The summer after I got married, one of my bosses bit me on the arm. I had a lot of jobs that summer, and a lot of bosses; at the time, I was recreating the sort of interchangeable, poorly paid jobs I’d had throughout my twenties in exhausting freelanced aggregate. The boss that bit me was the co-owner of a real estate agency that paid me more or less minimum wage to jam search keywords into apartment rental listings, write bios for their agents and copy for their website, and oversee whatever other writing or editorial work needed doing. There was a lot of that; unpaid college interns and international employees churned through the office nonstop, and their combined labor and movement kept the agency’s burgeoning online presence stocked with fresh spam. Agents came and went as agents do, as did various ostensible eminences—I remember one, after being told by my boss that I had written for The Wall Street Journal, excitedly launching into a speech about “a disease called PC-itis” like a child actor at an audition—and prayer group buddies and transient subletters and an intense Georgian named George, whom I liked and sometimes brought me strange Georgian desserts. It sucked.
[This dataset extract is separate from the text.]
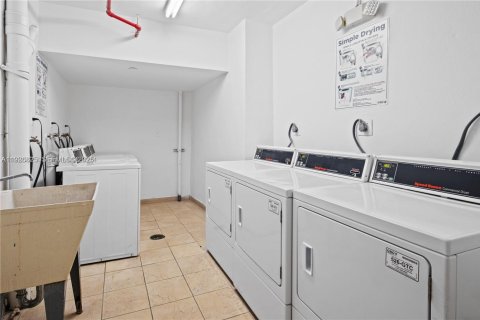 Copropriété à louer à Miami Beach, Floride: 1 chambre, 79.15 m2 № 1985778 - photo 19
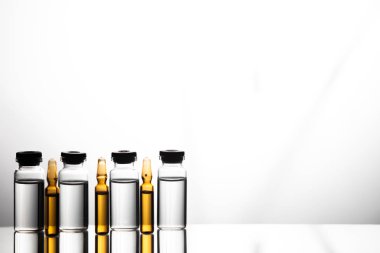 Tıbbi laboratuvar şeffaf bir ilaç ile ampul grubu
When my boss bit me, I had just questioned his wish to include an easily disprovable lie in his bio, which I was writing on his computer, at his desk. I was shocked by the bite, but less surprised by the look on his face afterwards—he was flushed and eager, like a child that has just discovered how to be naughty, his eyes shining and a little wet. As with the cohort that generally does that sort of thing, which is weird little kids acting out in daycare settings, there was a question implied in that look—what would be the consequence for doing a thing that you are absolutely not supposed to do? In retrospect, I wonder if he was waiting to see if I’d hit him.
Instead I said something like “what the fuck was that,” although I already knew what the fuck it was, and had known it from within the first few weeks of starting the gig. I had known since then that I would leave the job as soon as I could figure out how; I knew what kind of place it was, and what kind of person was running it, and if I didn’t literally know until that moment that my boss could be described as A Biter, it was more startling than actually surprising to find out for sure. I think I understood at some level that this boss was not merely the sort of person who might bite me—hard enough that I could show the imprint to my wife when I got home and she asked how my day was—but the sort of person who would eat me if need be, or just if he thought he could.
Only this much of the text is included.